Collected data

——————

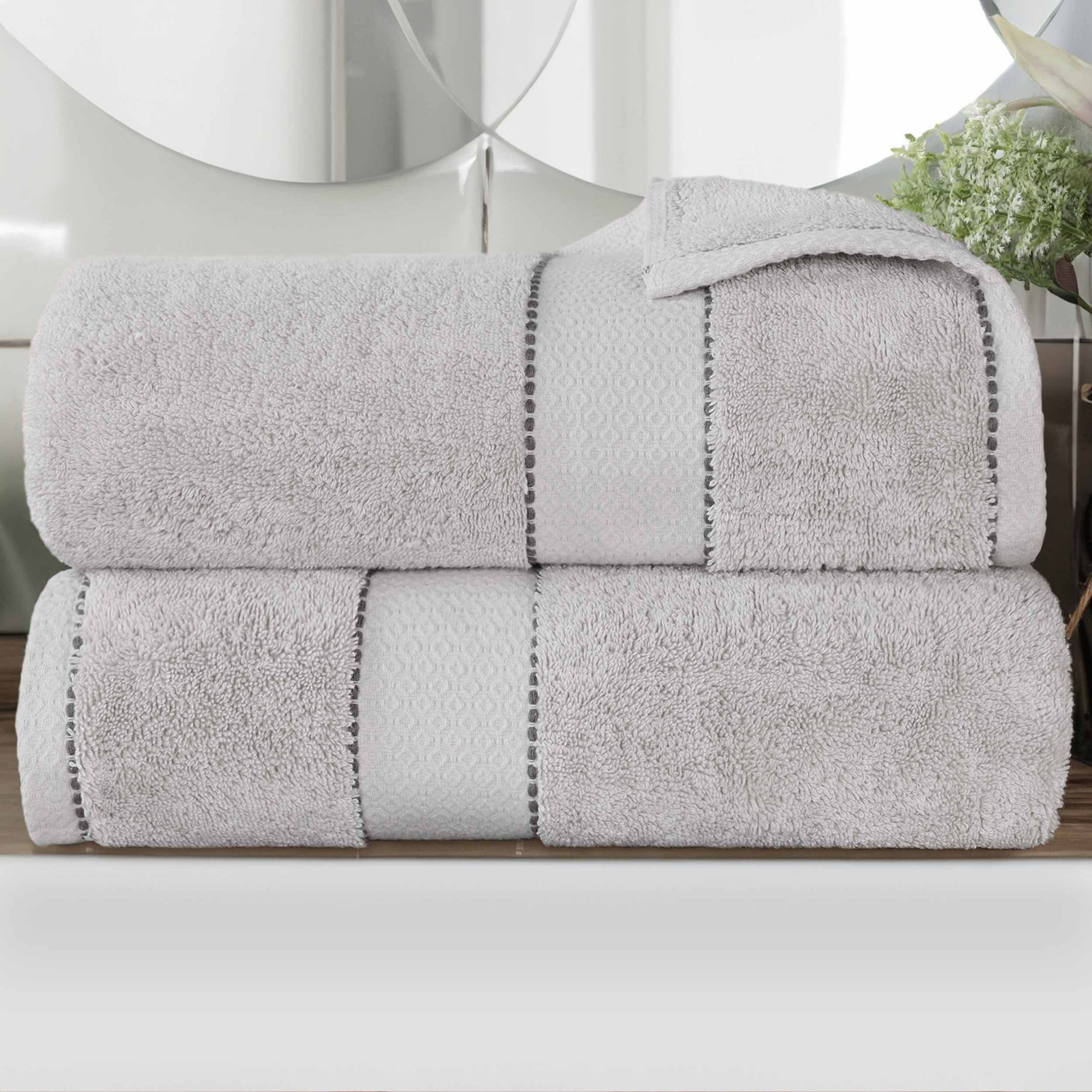 Abrianna Egyptian Giza Cotton Bath Sheet, Platinum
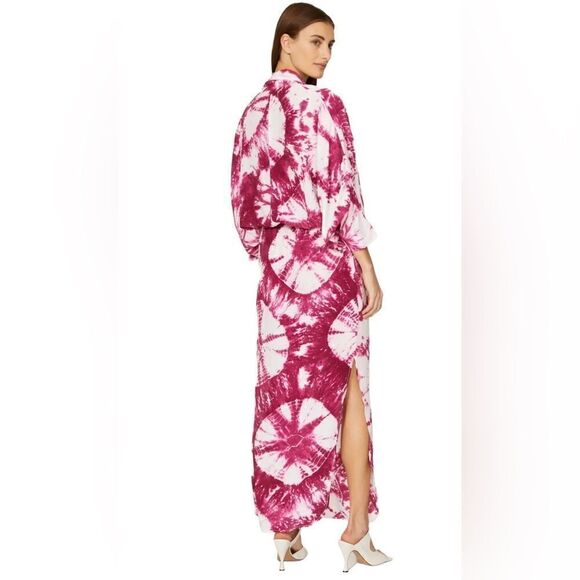S/W/F Magenta Tie Dye Plunge Dress Oversized Size Small - Picture 3 of 9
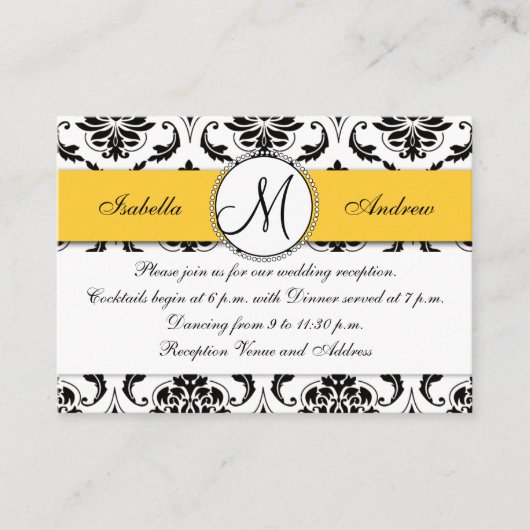 Zwart Damask Geel bruiloft Receptie Kaart (Voorkant)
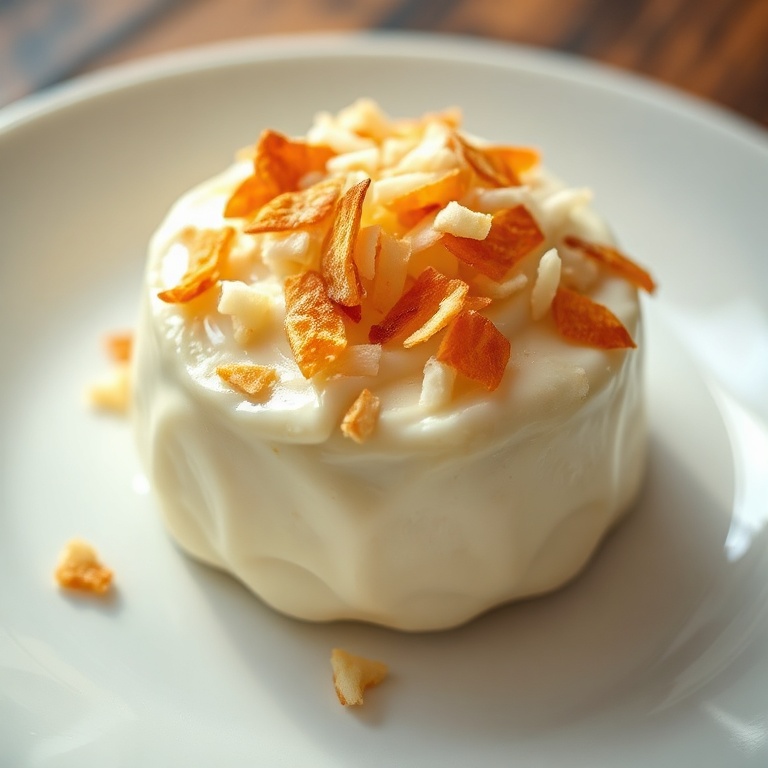 A single serving of creamy Brazilian coconut pudding topped with toasted coconut flakes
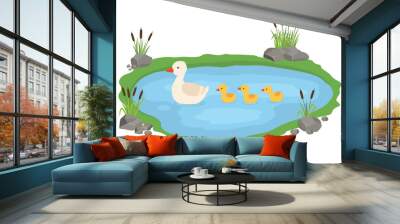 vector illustration of a duck and ducklings. mother duck swims in the lake with small ducklings arou Wall mural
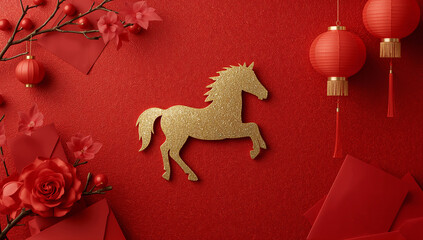 Golden Horse on Red Background — Chinese New Year 2026 Festive Still Life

——————

* Exercise *
Please give again the entries word for word, starting at the first line and ending with the line that contains "Zwart Damask Geel"; include both of those lines but none of the pictures.

* Answer to this exercise *
 Abrianna Egyptian Giza Cotton Bath Sheet, Platinum
S/W/F Magenta Tie Dye Plunge Dress Oversized Size Small - Picture 3 of 9
 Zwart Damask Geel bruiloft Receptie Kaart (Voorkant)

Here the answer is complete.